The need to buy new clothes is particularly irritating, because—quite apart from the expense—I had no desire to buy any, possibly ever again. New clothes are for people who have a future toward which they look with at least some degree of positive anticipation. I do not see my own future with any good feelings.
Speaking of the future and not having one and also writing fiction, I thought of an amusing, cautionary tale, a fable of sorts, recently. Imagine a young man—this sort of story really only works with such a protagonist—who finds a literal genie in a lamp and is given the traditional three wishes.
For his first wish, this young man asks for the ability to stop other people (and things) in time, imagining/planning various nefarious deeds he might undertake while people are “frozen”. The genie is puzzled and seems troubled, but he grants this first wish. Soon, the young man finds himself in a situation where he wants to test the power, but when he turns it on a chosen target, as soon as he does, the person just…vanishes.
The young man summons the genie, saying the power didn’t work, panicking a bit about what happened. The genie explains that the person for whom he stopped time vanished because they simply did not continue past the point in time at which they had been frozen. So, they did not exist in any future time, and they never would.
The genie had wondered why the young man wanted that power, but he had granted it. Unfortunately, this deed cannot be readily undone; they cannot bring the person out of the past using the young man’s power as it is. To change that power and to bring the person back would require the use of the two remaining wishes.
Will the young man choose to do it? Will he correct his error? Or will he continue to have the power, now using it as a weapon rather than the for the lascivious means for which he had imagined using it?
I admit, it would be kind of interesting to have such a power. It’s reminiscent of the ability to send people “away” that the main character had in Stranger in a Strange Land.

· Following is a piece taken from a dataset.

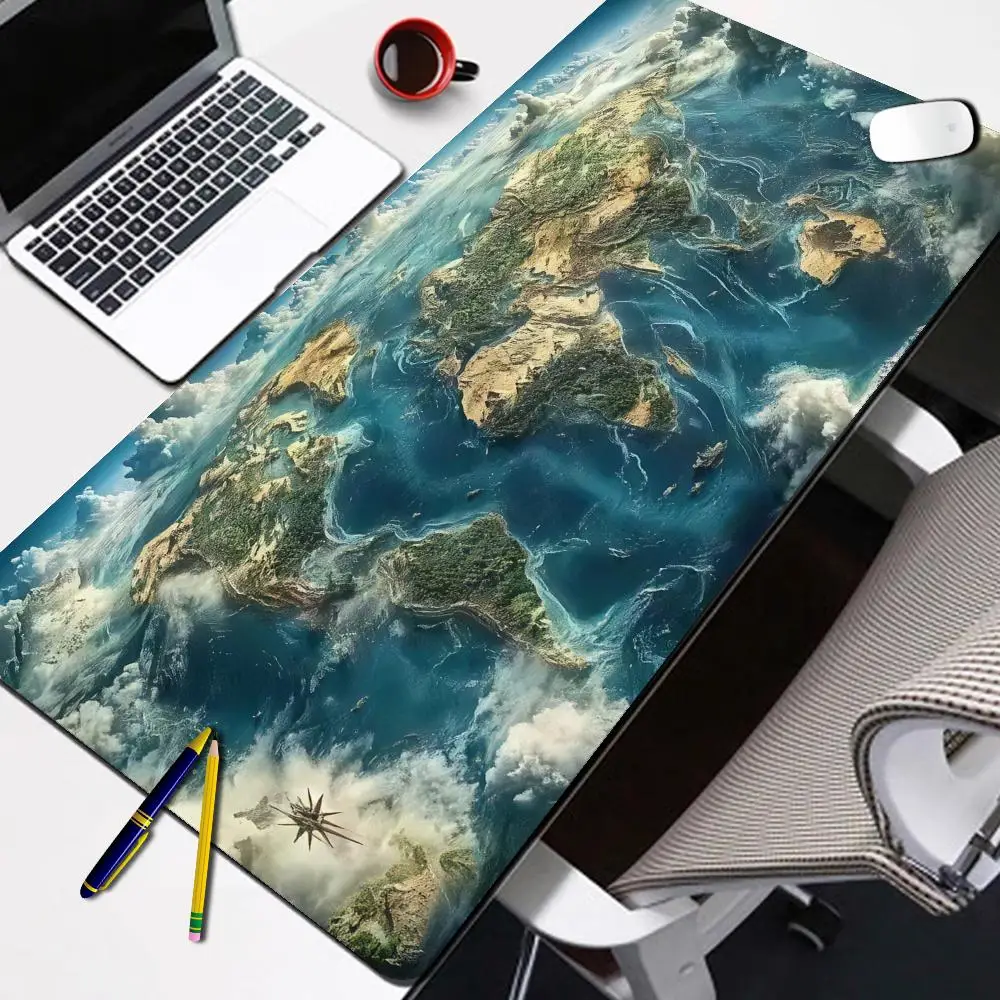 HYBXAXC Mouse Pad A Large Gaming Mouse Pad Featuring A Adventure-Style World Map Design, with a Non-Slip, Washable Rubber Base.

What would you do with such an ability? I would probably use it in morally questionable ways, myself. But there certainly are people about whom it can safely be said that the world would, overall, be better off if they stopped moving forward through time.
Incidentally, this process would not run afoul of the principle of conservation of energy. That conservation principle, like all physical conservation principles, is dependent upon the symmetry of the system—this was demonstrated by the genius Emmy Noether in her famous theorem.
The conservation of energy is (or, rather, it would be) a consequence* of the time symmetry of the universe. But the universe is not symmetric in time, not on large enough scales. So, on large enough scales, energy (and thus also mass) is not conserved. Locally it tends to be, because locally, time is symmetrical to a good approximation, rather as the local surface of the Earth is approximately flat on a small enough scale…or rather like the way a small enough portion of any continuous curve can be arbitrarily closely matched by a straight segment on a small enough scale. This latter fact is the source of the power of calculus.
But just as one can have a local hill or curved shape on the surface of the Earth, one could—in principle—violate local conservation of energy given the right available manipulations. Now, we in the real world cannot do such a thing, at least not right now, but presumably it would not be beyond the power of a genie.
Okay, well, that’s all pretty stupid, I know, but what do you expect? It’s me, after all.
I hope you or y’all have as good a day as you possibly can, which you will have, since there is no other possibility. That doesn’t mean it will be a good day. It will merely be the best possible day you can have, even if it’s horrible. Still, I do hope that for you, at least, it will be good.
TTFN
*An interesting term to use, given the current subject. It has a relation to the order of things in time: con (with) sequence (ordering of things).